In this method, key sentences are completely changed every time. The system accepts the input utterance only when it determines that the registered speaker uttered the prompted sentence. Because the vocabulary is unlimited, prospective impostors cannot know in advance the sentence they will be prompted to say. This method not only accurately recognizes speakers, but can also reject an utterance whose text differs from the prompted text, even if it is uttered by a registered speaker. Thus, a recorded and played back voice can be correctly rejected.

This method uses speaker-specific phoneme models as basic acoustic units. One of the major issues in this method is how to properly create these speaker-specific phoneme models when using training utterances of a limited size.

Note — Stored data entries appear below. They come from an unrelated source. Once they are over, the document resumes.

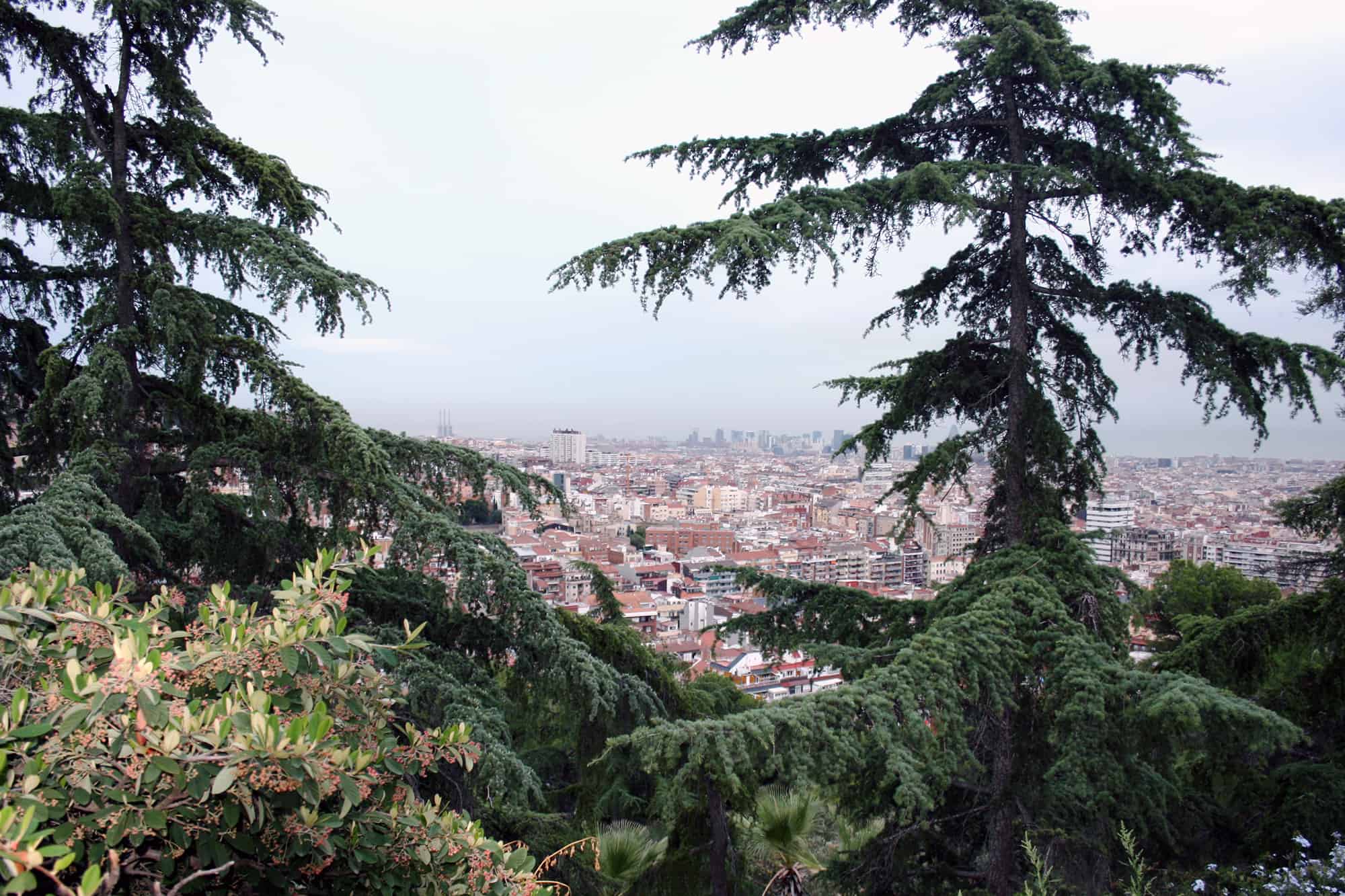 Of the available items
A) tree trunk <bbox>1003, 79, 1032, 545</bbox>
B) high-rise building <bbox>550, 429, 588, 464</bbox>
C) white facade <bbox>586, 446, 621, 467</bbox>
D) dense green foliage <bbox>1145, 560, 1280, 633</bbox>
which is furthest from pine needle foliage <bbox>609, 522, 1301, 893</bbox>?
white facade <bbox>586, 446, 621, 467</bbox>

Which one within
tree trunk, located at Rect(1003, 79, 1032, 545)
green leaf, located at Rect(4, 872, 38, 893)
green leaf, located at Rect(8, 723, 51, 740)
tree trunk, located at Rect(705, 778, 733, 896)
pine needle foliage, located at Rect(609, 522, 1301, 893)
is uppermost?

The phoneme models are represented by Gaussian-mixture continuous HMMs or tied-mixture HMMs, and they are made by adapting speaker-independent phoneme models to each speaker's voice.

In the recognition stage, the system concatenates the phoneme models of each registered speaker to create a sentence HMM, according to the prompted text. Then the likelihood of the input speech against the sentence model is calculated and used for speaker verification.

High-level Speaker Recognition

High-level features such as word idiolect, pronunciation, phone usage, prosody, etc. have also been successfully used in text-independent speaker verification. Typically, high-level-feature recognition systems produce a sequence of symbols from the acoustic signal and then perform recognition using the frequency and co-occurrence of symbols. In an idiolect approach, word unigrams and bigrams from manually transcribed conversations are used to characterize a particular speaker in a traditional target/background likelihood ratio framework. The use of support vector machines for performing the speaker verification task based on phone and word sequences obtained using phone recognizers has been proposed. The benefit of these features was demonstrated in the “NIST extended data” task for speaker verification; with enough conversational data, a recognition system can become “familiar” with a speaker and achieve excellent accuracy. The corpus was a combination of phases 2 and 3 of the Switchboard-2 corpora. Each training utterance in the corpus consisted of a conversation side that was nominally of length 5 minutes (approximately 2.5 minutes of speech) recorded over a land-line telephone. Speaker models were trained using 1 ? 16 conversation sides. These methods need utterances of at least several minutes long, much longer than those used in conventional speaker recognition methods.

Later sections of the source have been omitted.